How long does it take to remind investors that stocks don't go up indefinitely? A week (or less).
Catching some traders off guard despite some impressive earnings reports, the S&P 500 lost 3.5% of its value last week. It remains to be seen if this is the beginning of a long-overdue correction. It's worth noting, however, that this is what the beginning of a more serious correction would look like... a sharp selloff for no particular reason right after what looks like an accelerated buy-in, also for no particular reason. The likelihood of rising interest rates got the blame, but that looks and feels like a flimsy excuse.
OK, there's political factors at work here as well. That's nothing new though, and for the first time in a long time traders are legitimately starting to doubt the upside and actually expect downside.
Maybe it was just a bad week, or maybe it was more. We'll weight it all after a run-down of last week's and this week's economic news.
Last week was, to put it mildly, amazingly busy. We'll only be able to look at the highlights. In the most logical order (which is anything but in order of appearance)...

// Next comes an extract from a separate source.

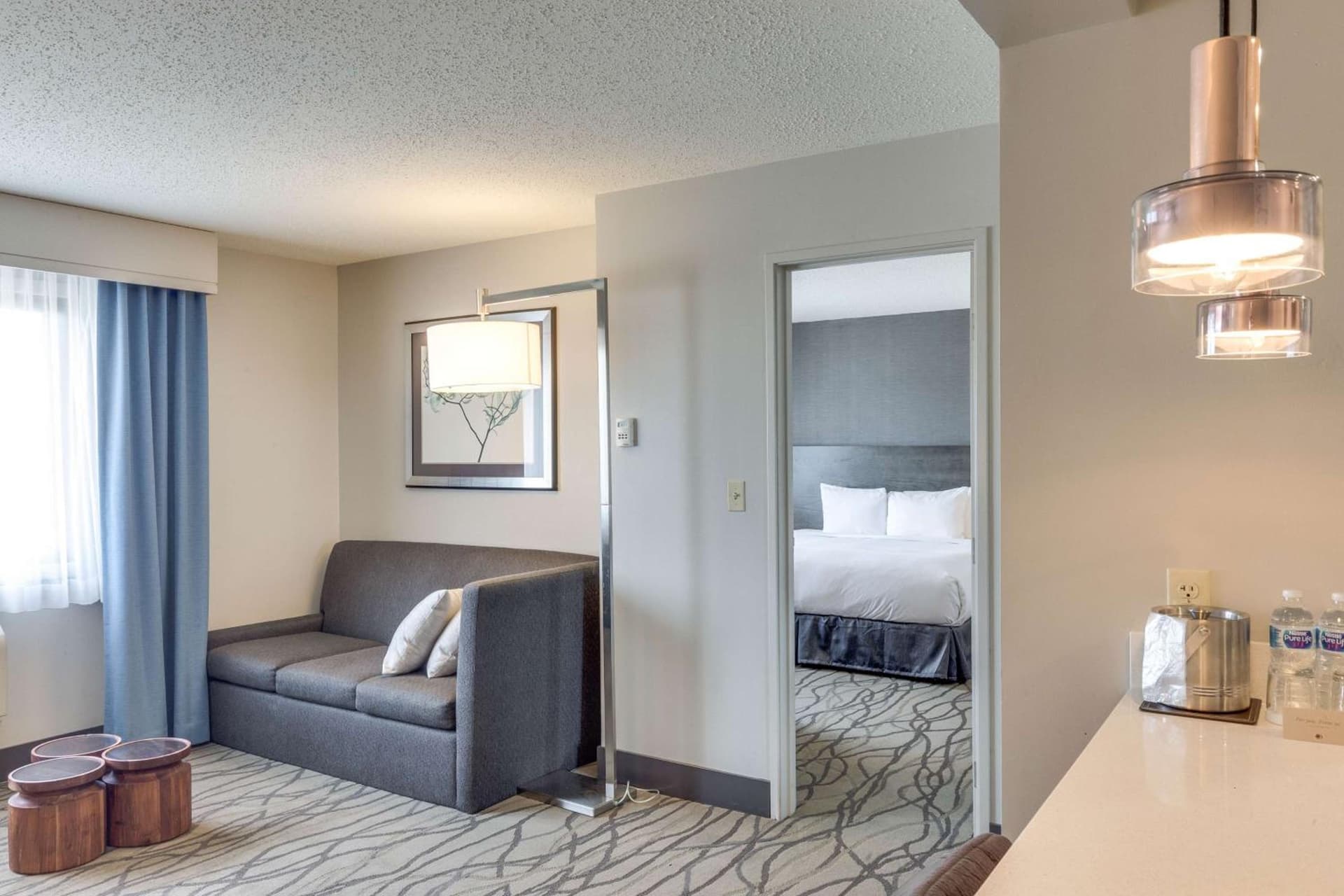 DoubleTree by Hilton Racine Harbourwalk gallery photo in Racine, WI — image 4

It should come as no real surprise that consumers are feeling good right now. The stock market is still buzzing from the record highs it recently hit, and jobs are plentiful -- and good paying. Still, in that confidence inspires consumerism which in turn inspires more confidence, near-multi-year highs from the Conference Board's and the University of Michigan's sentiment scores put a big exclamation point on the current environment.

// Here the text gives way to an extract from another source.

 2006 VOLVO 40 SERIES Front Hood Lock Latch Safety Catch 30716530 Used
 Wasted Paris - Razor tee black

We cautioned traders a week ago that the post-hurricane surge that was driving the sale of new vehicles was abating. We got more evidence of that idea on Thursday. January's truck and passenger car sales once again peeled back.
Last week's show-stopper, of course, was Friday's employment report. Though the unemployment rate didn't budge from 4.1%, the 200,000 new jobs created last month was better than the expected 180,000. Better yet, though it's not shown on our chart, wages grew the expected 0.3%.
Everything else is on the grid, or plotted on the preview charts below.
This week is going to be quite light in terms of quantity of economic data in the queue. But, we're going to be hearing a couple pieces of information that round out some of the data we heard last week. Namely, look for the ISM Services Index score on Monday, following last week's ISM Manufacturing Index reading. The former was down just a hair from December's 59.3, falling to 59.1. The latter is expected to rise from 55.9 to 56.7. Either way, each remains above the critical 50 level.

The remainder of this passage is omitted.